## PROVIDED INFORMATION
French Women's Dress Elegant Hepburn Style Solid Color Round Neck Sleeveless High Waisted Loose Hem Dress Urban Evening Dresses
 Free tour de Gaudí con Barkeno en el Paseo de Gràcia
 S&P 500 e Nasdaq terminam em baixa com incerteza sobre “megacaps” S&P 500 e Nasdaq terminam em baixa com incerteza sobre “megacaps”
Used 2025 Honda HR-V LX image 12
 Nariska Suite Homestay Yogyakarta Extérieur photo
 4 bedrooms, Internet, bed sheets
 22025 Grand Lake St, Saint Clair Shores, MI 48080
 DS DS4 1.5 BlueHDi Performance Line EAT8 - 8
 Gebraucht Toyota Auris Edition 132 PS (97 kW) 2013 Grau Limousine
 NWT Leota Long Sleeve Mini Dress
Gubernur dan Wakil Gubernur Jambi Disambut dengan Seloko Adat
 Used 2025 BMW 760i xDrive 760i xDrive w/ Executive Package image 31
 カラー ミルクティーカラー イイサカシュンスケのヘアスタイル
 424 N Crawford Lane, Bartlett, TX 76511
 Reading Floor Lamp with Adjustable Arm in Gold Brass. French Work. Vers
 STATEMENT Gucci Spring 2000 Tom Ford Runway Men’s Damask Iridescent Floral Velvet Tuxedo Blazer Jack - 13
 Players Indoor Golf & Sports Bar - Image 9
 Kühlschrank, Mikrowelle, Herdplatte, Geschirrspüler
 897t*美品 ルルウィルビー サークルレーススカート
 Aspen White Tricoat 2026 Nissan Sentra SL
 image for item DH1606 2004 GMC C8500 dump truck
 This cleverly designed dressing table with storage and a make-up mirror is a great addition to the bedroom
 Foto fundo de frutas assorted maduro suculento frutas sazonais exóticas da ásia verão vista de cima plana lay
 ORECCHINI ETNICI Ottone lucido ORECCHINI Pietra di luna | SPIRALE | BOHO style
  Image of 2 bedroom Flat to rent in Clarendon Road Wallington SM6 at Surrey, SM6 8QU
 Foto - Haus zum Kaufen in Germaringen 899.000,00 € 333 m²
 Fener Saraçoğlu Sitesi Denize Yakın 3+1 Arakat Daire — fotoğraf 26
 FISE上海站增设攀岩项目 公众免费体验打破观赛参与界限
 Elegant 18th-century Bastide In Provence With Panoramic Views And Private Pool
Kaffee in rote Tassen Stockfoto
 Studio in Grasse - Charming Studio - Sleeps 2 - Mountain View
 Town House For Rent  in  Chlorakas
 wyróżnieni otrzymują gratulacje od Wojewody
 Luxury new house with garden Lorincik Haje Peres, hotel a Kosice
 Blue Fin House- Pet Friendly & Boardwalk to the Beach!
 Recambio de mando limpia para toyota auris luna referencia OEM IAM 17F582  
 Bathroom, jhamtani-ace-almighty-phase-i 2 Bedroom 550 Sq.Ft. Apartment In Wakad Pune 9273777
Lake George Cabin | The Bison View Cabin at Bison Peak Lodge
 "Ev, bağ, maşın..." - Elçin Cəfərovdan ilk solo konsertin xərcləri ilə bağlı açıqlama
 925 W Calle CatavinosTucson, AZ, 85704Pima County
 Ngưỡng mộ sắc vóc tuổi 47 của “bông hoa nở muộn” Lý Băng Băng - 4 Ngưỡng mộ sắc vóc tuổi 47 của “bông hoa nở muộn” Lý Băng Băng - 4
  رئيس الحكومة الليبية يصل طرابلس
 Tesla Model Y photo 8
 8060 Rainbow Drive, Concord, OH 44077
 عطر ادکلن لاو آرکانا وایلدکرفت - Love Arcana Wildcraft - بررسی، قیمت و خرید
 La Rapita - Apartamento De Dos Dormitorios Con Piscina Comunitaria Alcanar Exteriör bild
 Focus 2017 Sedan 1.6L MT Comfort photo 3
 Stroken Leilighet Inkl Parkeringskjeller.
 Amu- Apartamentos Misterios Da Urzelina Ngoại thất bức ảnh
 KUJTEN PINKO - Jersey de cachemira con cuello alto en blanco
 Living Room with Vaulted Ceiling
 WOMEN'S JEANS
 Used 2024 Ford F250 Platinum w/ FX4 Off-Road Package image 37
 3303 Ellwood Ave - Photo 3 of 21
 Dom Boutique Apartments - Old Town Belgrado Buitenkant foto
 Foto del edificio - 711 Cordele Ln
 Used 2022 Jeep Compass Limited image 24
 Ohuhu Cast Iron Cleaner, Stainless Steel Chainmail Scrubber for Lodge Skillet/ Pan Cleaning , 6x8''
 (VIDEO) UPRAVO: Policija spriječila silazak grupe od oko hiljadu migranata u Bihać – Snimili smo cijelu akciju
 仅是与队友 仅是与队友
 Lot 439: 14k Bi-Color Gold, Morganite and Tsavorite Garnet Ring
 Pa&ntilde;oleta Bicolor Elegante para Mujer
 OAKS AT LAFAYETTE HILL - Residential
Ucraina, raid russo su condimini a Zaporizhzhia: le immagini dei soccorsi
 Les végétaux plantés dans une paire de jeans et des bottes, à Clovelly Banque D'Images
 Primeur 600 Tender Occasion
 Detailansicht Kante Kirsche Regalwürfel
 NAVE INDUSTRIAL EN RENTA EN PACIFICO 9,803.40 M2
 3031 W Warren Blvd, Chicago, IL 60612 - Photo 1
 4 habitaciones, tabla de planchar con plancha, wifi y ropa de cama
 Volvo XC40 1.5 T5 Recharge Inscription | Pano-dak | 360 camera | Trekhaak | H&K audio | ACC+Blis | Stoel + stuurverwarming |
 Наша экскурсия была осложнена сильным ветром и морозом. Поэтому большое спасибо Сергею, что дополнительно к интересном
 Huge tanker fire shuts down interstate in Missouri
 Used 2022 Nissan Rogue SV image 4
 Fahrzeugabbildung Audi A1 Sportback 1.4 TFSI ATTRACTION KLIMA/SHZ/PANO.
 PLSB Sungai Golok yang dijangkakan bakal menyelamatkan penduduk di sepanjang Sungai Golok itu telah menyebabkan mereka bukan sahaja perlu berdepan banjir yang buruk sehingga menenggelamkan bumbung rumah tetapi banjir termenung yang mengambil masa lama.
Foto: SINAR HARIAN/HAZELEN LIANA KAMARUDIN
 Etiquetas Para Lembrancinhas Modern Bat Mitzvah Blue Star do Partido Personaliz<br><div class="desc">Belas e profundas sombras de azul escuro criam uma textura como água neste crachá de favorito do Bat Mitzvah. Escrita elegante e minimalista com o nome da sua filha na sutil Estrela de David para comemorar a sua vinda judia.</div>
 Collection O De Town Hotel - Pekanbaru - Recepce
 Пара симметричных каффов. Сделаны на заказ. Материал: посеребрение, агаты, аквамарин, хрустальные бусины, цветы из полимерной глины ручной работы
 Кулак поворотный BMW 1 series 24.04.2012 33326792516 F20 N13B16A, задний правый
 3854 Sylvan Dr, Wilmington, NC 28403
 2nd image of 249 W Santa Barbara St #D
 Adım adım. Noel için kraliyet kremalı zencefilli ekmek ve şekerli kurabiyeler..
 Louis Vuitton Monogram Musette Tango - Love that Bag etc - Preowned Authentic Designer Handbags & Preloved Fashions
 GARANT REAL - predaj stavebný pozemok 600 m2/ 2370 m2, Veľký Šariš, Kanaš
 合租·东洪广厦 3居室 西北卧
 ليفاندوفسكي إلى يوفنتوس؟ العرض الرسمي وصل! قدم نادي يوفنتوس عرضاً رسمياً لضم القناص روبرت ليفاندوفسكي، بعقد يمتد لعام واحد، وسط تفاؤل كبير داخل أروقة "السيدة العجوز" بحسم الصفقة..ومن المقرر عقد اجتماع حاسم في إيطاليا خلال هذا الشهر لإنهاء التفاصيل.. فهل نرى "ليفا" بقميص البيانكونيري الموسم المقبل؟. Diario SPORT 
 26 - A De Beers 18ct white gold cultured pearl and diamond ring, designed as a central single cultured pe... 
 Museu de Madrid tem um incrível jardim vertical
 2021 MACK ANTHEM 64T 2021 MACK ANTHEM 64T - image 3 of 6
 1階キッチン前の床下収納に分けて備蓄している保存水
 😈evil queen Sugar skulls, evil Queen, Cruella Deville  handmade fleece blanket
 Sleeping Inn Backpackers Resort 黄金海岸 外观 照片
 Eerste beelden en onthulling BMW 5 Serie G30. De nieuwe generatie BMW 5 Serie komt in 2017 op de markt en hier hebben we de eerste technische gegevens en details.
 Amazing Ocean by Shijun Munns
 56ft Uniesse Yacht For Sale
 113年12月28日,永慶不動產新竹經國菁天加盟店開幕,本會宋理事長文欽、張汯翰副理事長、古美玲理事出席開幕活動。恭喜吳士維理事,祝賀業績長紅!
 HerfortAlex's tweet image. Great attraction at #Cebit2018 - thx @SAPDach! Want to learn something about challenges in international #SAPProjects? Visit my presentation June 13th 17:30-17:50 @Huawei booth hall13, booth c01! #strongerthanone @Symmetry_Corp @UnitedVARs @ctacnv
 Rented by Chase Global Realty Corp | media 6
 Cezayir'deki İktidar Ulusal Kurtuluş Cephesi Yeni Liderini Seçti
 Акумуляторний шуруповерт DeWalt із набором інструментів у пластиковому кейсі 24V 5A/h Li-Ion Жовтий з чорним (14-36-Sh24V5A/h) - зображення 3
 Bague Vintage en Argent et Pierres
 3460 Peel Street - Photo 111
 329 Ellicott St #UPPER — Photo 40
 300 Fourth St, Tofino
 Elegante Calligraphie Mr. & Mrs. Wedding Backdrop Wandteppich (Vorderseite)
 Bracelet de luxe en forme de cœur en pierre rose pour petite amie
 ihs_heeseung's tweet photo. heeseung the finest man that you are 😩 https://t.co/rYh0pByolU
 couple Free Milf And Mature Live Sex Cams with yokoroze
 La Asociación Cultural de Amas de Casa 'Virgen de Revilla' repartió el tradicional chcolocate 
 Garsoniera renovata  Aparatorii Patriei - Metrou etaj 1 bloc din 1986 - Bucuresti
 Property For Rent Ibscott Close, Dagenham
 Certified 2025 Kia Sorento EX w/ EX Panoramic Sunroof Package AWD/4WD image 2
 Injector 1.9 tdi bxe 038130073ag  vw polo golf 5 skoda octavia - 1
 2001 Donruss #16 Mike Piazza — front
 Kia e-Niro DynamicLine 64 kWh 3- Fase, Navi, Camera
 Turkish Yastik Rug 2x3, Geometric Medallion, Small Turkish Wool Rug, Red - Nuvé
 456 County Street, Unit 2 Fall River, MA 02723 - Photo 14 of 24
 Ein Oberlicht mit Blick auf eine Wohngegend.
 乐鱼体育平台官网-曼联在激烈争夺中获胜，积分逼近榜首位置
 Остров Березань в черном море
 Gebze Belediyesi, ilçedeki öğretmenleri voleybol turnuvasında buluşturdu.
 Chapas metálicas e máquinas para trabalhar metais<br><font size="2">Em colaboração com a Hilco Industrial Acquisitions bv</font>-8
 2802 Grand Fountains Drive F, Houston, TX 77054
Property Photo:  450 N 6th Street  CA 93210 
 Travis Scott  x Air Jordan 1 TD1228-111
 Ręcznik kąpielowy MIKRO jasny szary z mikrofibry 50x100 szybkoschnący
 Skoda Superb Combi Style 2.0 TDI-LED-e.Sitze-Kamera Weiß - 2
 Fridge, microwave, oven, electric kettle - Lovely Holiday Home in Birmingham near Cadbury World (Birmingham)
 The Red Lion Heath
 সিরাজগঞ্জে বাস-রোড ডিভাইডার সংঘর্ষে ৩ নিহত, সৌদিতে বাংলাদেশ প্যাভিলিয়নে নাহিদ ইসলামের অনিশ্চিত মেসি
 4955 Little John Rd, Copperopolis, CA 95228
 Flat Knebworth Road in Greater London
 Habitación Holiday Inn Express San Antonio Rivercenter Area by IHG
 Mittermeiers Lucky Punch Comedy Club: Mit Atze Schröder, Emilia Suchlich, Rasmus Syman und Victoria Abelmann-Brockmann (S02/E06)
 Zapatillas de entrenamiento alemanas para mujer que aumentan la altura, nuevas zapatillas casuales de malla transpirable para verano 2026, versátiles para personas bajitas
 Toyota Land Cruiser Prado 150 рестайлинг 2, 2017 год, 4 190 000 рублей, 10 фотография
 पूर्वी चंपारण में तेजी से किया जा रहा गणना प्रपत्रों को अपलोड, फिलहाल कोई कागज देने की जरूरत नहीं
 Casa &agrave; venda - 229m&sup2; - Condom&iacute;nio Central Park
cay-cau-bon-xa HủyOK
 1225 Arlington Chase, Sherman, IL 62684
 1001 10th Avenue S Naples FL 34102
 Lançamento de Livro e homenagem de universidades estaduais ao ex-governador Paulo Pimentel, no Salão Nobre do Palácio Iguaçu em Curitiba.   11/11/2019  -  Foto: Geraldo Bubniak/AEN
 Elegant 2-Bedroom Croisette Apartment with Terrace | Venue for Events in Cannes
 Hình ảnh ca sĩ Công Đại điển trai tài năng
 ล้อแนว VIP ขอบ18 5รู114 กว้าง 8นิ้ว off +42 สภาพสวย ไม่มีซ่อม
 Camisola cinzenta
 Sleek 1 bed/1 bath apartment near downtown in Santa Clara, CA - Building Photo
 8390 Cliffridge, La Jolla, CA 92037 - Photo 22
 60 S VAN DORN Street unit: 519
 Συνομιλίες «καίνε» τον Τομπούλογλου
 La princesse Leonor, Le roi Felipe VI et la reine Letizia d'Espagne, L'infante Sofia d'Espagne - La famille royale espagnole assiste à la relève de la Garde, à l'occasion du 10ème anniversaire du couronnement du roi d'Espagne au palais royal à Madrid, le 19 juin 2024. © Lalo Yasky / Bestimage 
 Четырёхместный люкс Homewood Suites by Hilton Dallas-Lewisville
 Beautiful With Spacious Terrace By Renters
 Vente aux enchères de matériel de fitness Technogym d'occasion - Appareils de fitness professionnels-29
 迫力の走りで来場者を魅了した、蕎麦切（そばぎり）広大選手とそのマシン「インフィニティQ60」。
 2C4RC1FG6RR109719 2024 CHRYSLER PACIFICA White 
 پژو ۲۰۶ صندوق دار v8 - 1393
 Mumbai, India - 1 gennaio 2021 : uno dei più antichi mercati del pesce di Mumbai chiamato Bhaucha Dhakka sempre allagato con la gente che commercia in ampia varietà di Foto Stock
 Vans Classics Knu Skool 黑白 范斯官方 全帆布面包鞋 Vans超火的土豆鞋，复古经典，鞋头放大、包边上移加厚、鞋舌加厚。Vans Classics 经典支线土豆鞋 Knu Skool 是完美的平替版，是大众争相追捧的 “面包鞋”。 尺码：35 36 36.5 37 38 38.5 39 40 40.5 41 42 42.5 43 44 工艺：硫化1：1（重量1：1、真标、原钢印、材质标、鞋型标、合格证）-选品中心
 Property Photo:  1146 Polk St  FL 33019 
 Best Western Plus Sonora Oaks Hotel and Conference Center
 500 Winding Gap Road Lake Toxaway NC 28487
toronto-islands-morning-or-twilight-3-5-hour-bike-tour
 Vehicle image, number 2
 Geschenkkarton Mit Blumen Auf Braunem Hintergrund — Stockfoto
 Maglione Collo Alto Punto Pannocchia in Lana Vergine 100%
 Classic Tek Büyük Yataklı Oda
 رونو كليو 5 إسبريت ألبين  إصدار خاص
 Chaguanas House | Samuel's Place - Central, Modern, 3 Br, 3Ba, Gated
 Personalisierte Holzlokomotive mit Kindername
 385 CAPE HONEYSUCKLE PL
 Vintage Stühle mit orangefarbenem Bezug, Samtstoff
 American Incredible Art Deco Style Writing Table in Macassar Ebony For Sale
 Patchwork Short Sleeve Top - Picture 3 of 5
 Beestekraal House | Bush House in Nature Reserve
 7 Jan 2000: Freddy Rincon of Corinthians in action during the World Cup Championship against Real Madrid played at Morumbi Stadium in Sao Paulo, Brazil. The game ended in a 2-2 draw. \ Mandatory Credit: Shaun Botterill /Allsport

## EXERCISE GOAL
Repeat the material word for word from its opening line up to and including the line containing "Free tour de".

## WRITTEN SOLUTION
French Women's Dress Elegant Hepburn Style Solid Color Round Neck Sleeveless High Waisted Loose Hem Dress Urban Evening Dresses
 Free tour de Gaudí con Barkeno en el Paseo de Gràcia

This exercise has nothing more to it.